OOS 71-2
Curtis Prairie:  World’s oldest restored prairie or newest restoration challenge?

Thursday, August 13, 2015: 1:50 PM
314, Baltimore Convention Center
Joy B. Zedler, Botany Dept. & Arboretum, University of Wisconsin, Madison, WI
Paul H. Zedler, Nelson Institute for Environmental Studies, University of Wisconsin, Madison, WI
James M. Doherty, Botany Department, University of Wisconsin, Madison, WI
Mark Wegener, Arboretum, University of Wisconsin, Madison, WI
Christopher Hirsch, Botany, University of Wisconsin, Madison, WI
Background/Question/Methods Despite 80 years of work to restore a horse pasture, Curtis Prairie is on a trajectory away from native grassland. Since 1935, the UW-Madison Arboretum has aimed to achieve a sustainable tallgrass prairie on ~72 acres in south central Wisconsin. At age 31 years (1966), the site was a species-rich prairie with 212 native species (census of PZ&JZ), but at age 56 (1991), two native shrubs had increased frequency: Cornus racemosa occupied 56% of 951 1-m2 plots in 1991 (15% in 1966), and Rhus glabra occupied 8% (<1% in 1966). The 2002 census found 23 woody plant species, of which two remained frequent (52% C. racemosa and 11% Rhus glabra). Burning experiments indicated that shrubs reduced grass cover (fuel) and further limited the ability of fire to reduce shrubs (a strong feedback). Meanwhile, under the influence of urban runoff, native and exotic invaders reduced native-plant diversity in wetland areas. Harvesting shoots in a 2008 subsample showed differential effects of high biomass in upland plots (no effect on diversity) versus wetland plots: dominance by a tall clonal graminoid (Calamagrostis canadensis, Carex stricta, or Phalaris arundinacea) and reduced species richness (JD&JZ). At age 79, a GPS-based map (polygons of wetland dominants) characterized 22% of Curtis Prairie as wetland. Given woody upland and low-diversity wetland, we ask: Should we abandon the 1934 target or “re-restore” diverse prairie vegetation?

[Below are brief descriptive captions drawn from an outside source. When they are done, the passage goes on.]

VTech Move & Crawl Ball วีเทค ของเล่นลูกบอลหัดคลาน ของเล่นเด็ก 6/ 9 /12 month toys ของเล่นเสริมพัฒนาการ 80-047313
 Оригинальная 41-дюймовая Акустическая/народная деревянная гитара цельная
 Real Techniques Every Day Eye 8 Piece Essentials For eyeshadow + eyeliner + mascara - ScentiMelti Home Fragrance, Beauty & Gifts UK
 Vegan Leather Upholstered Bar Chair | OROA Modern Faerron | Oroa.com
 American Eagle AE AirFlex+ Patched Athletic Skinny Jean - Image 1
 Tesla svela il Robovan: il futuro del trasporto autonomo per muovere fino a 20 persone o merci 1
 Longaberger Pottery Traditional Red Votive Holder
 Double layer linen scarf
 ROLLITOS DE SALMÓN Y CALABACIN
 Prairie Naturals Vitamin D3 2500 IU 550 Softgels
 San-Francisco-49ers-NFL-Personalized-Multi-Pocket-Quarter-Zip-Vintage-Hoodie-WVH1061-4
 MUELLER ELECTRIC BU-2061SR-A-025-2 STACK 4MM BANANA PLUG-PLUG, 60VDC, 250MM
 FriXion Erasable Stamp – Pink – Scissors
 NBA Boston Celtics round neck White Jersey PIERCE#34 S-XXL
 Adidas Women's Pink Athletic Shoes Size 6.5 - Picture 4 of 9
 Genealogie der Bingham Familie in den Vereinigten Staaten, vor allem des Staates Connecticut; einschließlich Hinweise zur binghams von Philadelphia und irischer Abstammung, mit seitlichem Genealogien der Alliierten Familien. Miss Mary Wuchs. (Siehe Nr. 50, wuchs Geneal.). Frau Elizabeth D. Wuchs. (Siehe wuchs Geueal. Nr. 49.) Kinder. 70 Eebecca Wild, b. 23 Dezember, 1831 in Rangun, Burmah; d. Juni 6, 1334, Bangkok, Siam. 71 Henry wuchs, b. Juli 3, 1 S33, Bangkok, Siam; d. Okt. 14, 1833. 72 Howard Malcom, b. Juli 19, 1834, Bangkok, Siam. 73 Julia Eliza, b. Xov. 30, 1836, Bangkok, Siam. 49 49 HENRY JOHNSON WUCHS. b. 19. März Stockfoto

Results/Conclusions   Long-term monitoring and research document compositional shifts in Curtis Prairie, which trace to an urban context that limits burning and augments eutrophication. Without renewed restoration, woody plant cover will continue increasing, and wetland diversity will remain low. Some suggest that we declare the site novel, abandon Leopold’s 1934 vision of pre-settlement prairie, and establish a new target (shrub carr?). We recommend instead establishing large field experiments to test alternative methods to re-restore diverse prairie (adaptive restoration), to fulfill the mission for this global restoration icon.